● **Supplied material**
◇ ◇ ◇ ◇ ◇ ◇ ◇
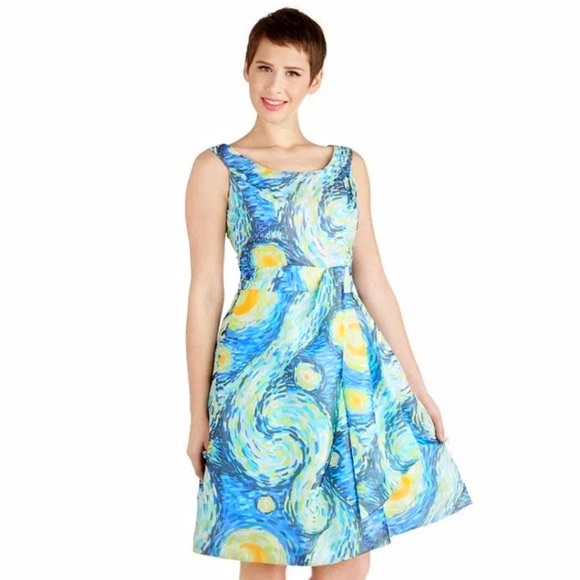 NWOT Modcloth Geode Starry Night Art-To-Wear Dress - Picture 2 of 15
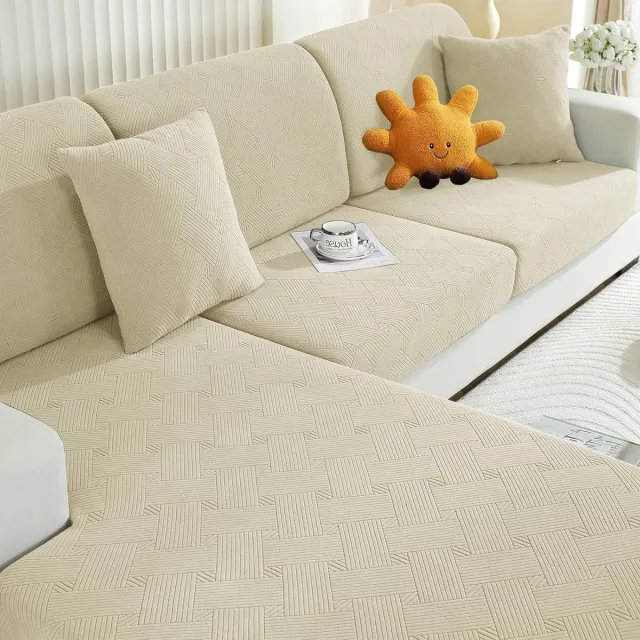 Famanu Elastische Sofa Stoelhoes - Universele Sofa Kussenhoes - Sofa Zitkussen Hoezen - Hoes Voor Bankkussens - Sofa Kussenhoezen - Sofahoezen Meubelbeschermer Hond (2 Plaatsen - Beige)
◇ ◇ ◇ ◇ ◇ ◇ ◇
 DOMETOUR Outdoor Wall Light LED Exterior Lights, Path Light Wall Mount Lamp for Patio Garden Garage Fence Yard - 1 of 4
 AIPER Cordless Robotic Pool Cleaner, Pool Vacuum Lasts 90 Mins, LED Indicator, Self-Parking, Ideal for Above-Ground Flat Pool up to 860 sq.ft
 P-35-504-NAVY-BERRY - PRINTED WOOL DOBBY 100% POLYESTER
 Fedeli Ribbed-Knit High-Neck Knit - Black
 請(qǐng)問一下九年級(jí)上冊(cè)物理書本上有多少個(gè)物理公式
◇ ◇ ◇ ◇ ◇ ◇ ◇
● **Problem details**
For the material above, reproduce exactly the lines from the line with "DOMETOUR Outdoor Wall" to the line with "請(qǐng)問一下九年級(jí)上冊(cè)物理書本上", inclusive, and exclude all others.

● **Response below**
 DOMETOUR Outdoor Wall Light LED Exterior Lights, Path Light Wall Mount Lamp for Patio Garden Garage Fence Yard - 1 of 4
 AIPER Cordless Robotic Pool Cleaner, Pool Vacuum Lasts 90 Mins, LED Indicator, Self-Parking, Ideal for Above-Ground Flat Pool up to 860 sq.ft
 P-35-504-NAVY-BERRY - PRINTED WOOL DOBBY 100% POLYESTER
 Fedeli Ribbed-Knit High-Neck Knit - Black
 請(qǐng)問一下九年級(jí)上冊(cè)物理書本上有多少個(gè)物理公式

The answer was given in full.